This sounds great, and could be very useful to those billion people that currently have no access to electricity.
“induction cooking [cooker], a refrigerator, and a washing machine” - it’s useful to help people conceptualise what the energy will be used for by providing such examples. In addition, it’s useful to make some typical assumptions about their usage and power requirements so that the challenge can explicitly set minimum requirements for power output (kW) and energy required (e.g. kWh per day).
“Highly efficient” - efficient systems are welcome, of course, but for some solutions this might not be as important. For example, solar power is derived from a “free” source of energy and so efficiency is harder to define and perhaps not as important in this context.

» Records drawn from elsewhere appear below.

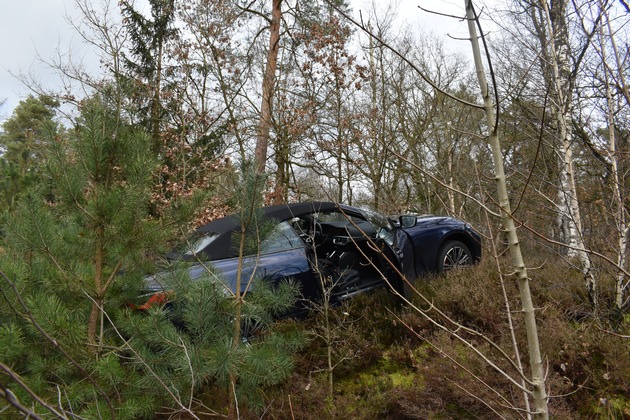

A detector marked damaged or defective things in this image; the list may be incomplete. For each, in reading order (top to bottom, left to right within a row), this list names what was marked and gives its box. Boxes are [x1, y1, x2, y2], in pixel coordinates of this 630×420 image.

crashed car [142, 202, 478, 310]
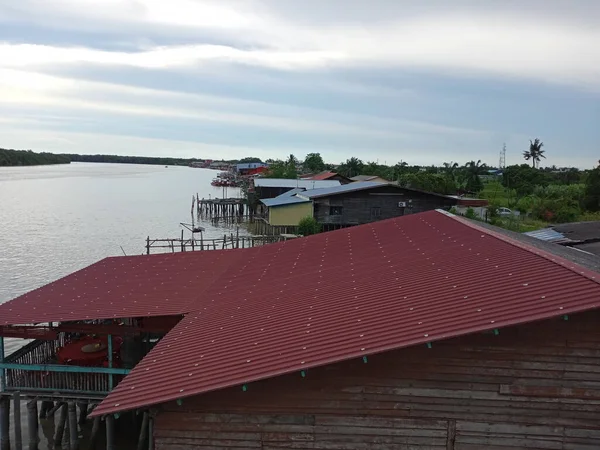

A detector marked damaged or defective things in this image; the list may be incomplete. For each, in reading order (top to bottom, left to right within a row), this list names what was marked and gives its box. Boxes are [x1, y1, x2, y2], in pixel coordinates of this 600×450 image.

rusty metal roof [0, 250, 246, 326]
rusty metal roof [91, 213, 600, 416]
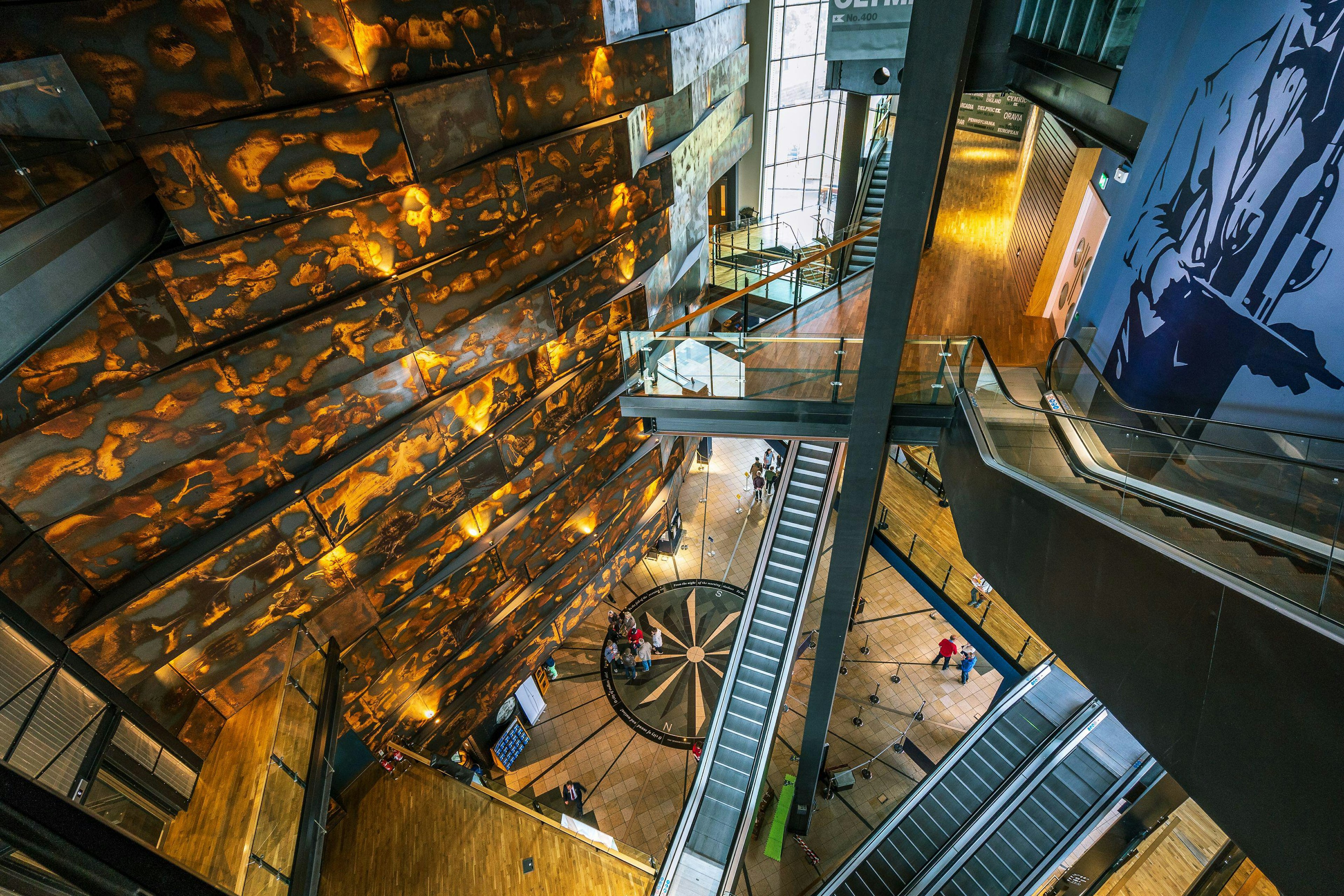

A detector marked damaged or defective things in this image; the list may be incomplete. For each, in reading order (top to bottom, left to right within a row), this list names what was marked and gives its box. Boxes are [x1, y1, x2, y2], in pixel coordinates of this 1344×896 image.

rusted metal panel [0, 0, 263, 139]
rusted metal panel [138, 92, 414, 243]
rusted metal panel [226, 0, 371, 102]
rusted metal panel [390, 73, 505, 181]
rusted metal panel [548, 209, 669, 329]
rusted metal panel [218, 282, 416, 422]
rusted metal panel [411, 283, 554, 395]
rusted metal panel [0, 360, 244, 532]
rusted metal panel [42, 427, 284, 588]
rusted metal panel [259, 355, 427, 486]
rusted metal panel [308, 411, 446, 540]
rusted metal panel [0, 532, 98, 637]
rusted metal panel [70, 497, 325, 688]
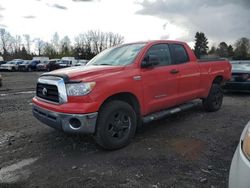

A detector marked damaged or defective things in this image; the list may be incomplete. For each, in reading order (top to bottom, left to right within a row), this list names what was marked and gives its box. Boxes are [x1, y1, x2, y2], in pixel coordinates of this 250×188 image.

rust spot [170, 138, 205, 160]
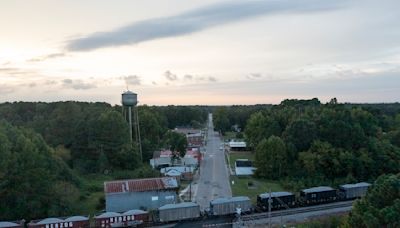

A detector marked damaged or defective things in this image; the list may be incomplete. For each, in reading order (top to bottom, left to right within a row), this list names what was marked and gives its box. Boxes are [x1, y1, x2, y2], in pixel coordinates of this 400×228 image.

rusty metal roof [104, 177, 177, 193]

Other criteria might indirectly influence the required efficiency though, such as the maximum area, volume, mass and device cost specified in the challenge.

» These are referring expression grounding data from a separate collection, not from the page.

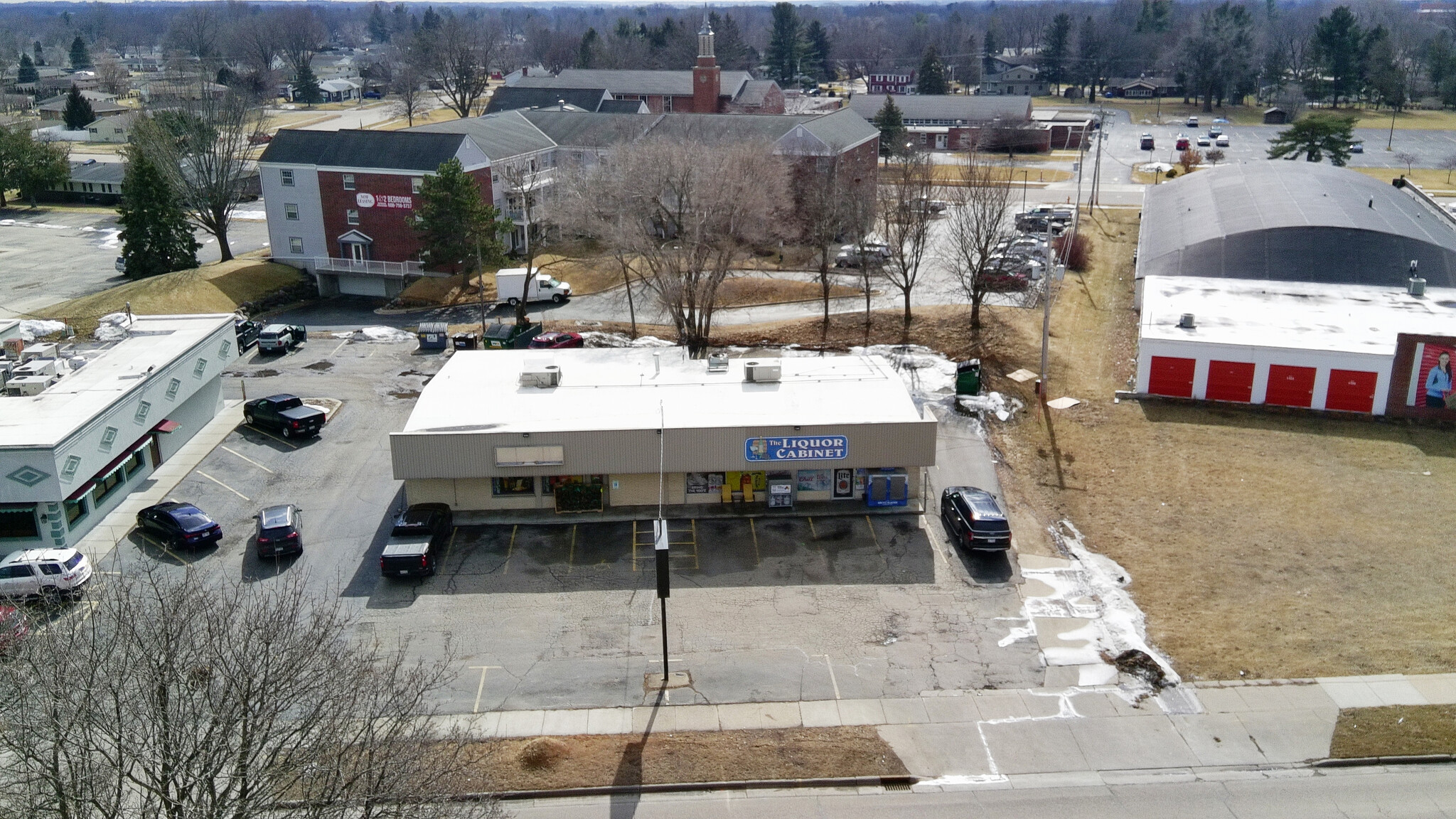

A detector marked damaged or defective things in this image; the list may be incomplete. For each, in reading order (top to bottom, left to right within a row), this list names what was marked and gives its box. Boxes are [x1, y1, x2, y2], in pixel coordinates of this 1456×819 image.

cracked asphalt [114, 336, 1046, 714]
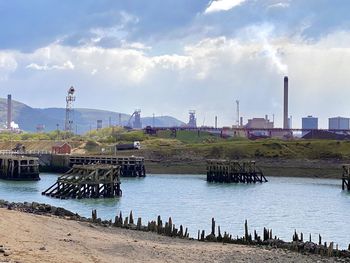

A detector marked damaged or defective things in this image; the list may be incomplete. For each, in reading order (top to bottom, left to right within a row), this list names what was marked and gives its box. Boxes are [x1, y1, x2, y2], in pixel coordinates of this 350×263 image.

row of broken posts [89, 210, 350, 260]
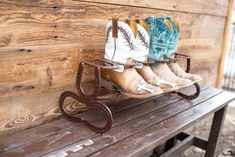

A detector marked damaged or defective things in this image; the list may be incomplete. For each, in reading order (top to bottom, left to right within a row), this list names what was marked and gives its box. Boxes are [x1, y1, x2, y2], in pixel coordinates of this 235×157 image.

rusty metal rack [58, 53, 200, 133]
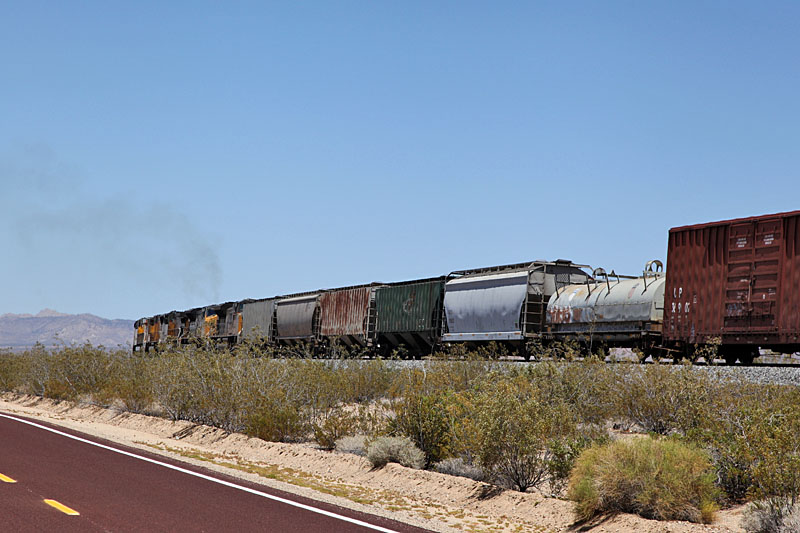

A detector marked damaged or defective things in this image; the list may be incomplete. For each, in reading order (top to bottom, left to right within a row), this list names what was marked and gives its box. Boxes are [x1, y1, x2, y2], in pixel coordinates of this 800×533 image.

rusty boxcar [664, 208, 800, 362]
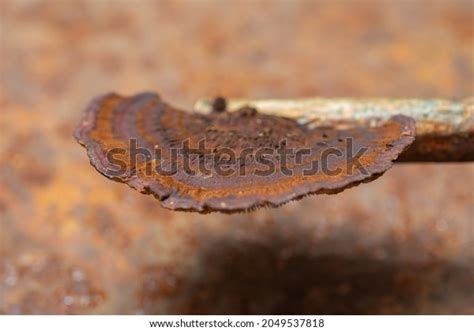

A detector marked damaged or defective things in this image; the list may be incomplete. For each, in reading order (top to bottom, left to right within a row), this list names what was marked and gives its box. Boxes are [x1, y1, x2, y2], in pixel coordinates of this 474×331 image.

speckled rust spot [74, 92, 414, 213]
rusty metal surface [74, 92, 414, 214]
rusty metal surface [195, 96, 474, 163]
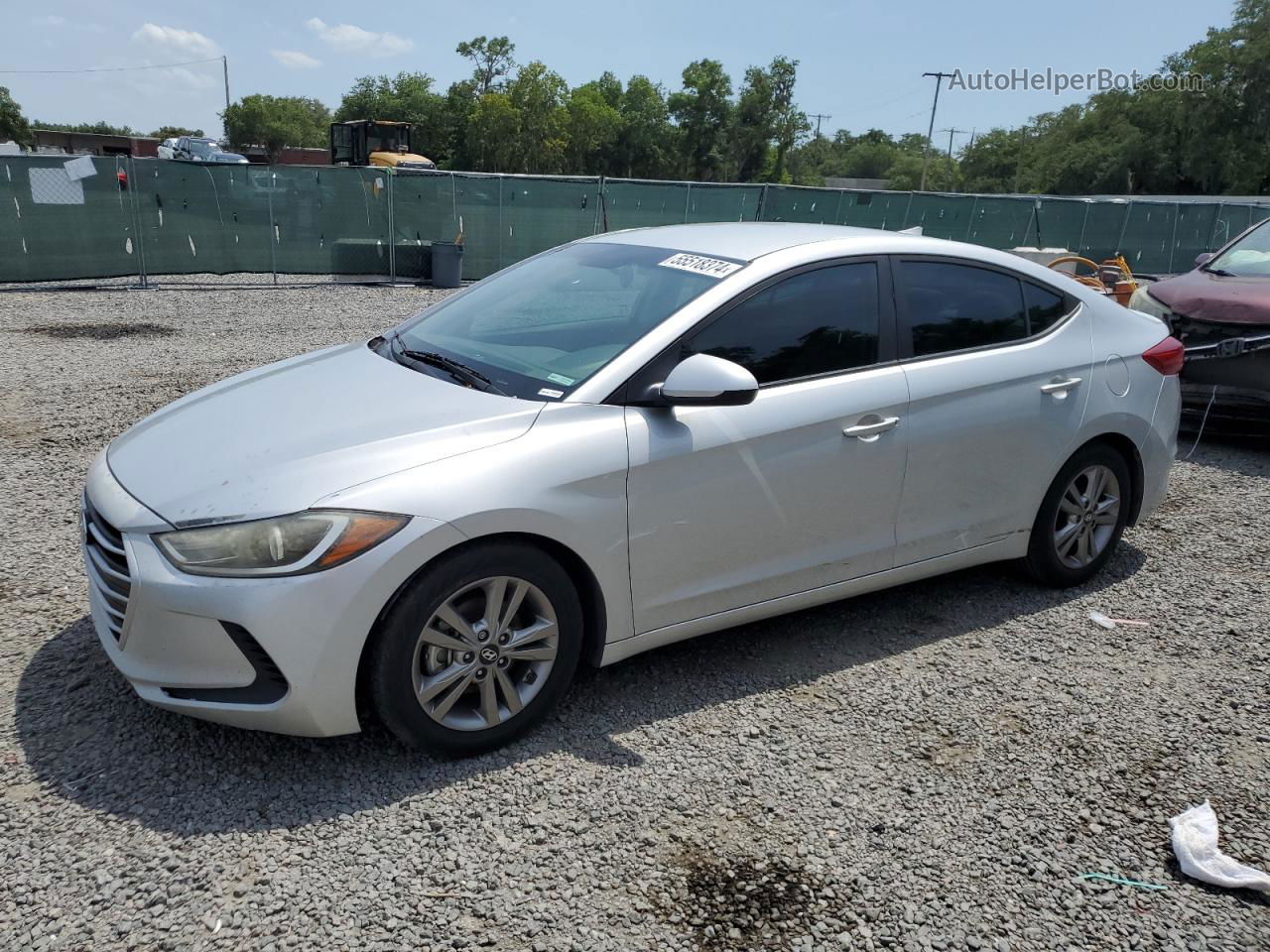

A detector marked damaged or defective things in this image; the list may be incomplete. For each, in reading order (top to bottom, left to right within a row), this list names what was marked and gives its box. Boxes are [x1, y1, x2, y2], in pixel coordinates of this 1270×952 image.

The modular and scalability requirement is a great idea.
Rather than a target size of 100 people, it might be better to quantify how much a “typical” house uses (kW, and kWh/day) and then pick a number of houses to demonstrate it on, across a number of villages in different environments [bearing in mind some villages might be very small]. There might be small villages and larger villages in the challenge - to demonstrate how well a solution does actually scale (and the cost per user implications).

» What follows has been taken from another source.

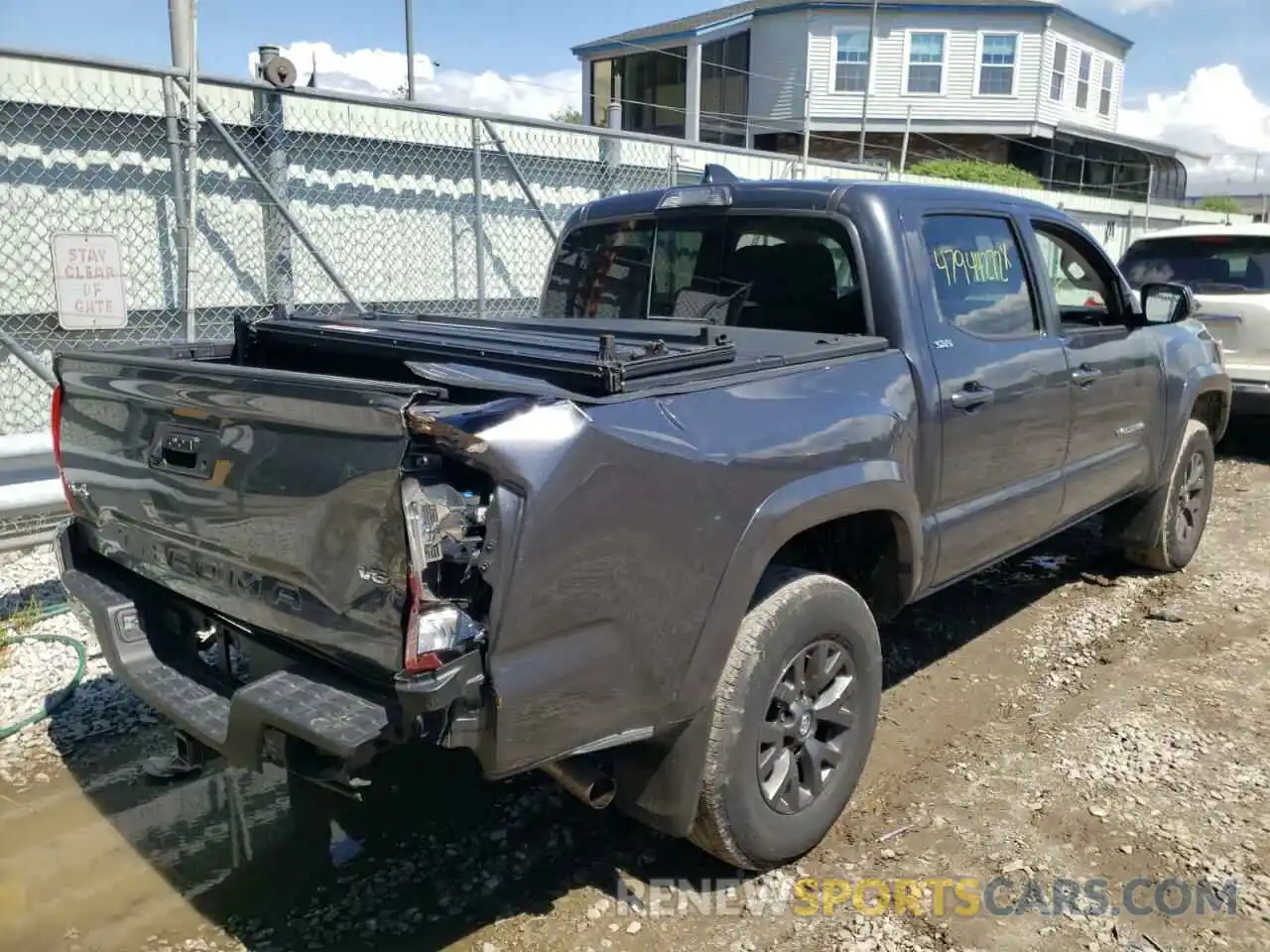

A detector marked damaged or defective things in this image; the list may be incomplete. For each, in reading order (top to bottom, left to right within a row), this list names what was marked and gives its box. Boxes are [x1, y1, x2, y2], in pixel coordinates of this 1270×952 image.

Different environments should, ideally, be used. For example, northern latitudes might not support typical solar powered solutions - unless it includes a very efficient seasonal storage technology to release power in the winter. So this might mean a test duration over an entire year - if such solutions are to be catered for. It’d also test the durability of the energy storage system over time and during harsh environmental conditions.
In terms of the specifications we might want to be mindful that the solution might contain two (or more) parts, e.g. energy collection / generation, and energy storage (and distribution). For example, solar panels on house roofs and a community battery.
Regarding “clean” we might want to expand this to include no pollution, e.g. no emissions to air and no pollution of land or water (surface and groundwater). Similarly, no production of long lived toxic waste in any part of the system (e.g. no dioxins, PCBs, PAH, or radioactive material).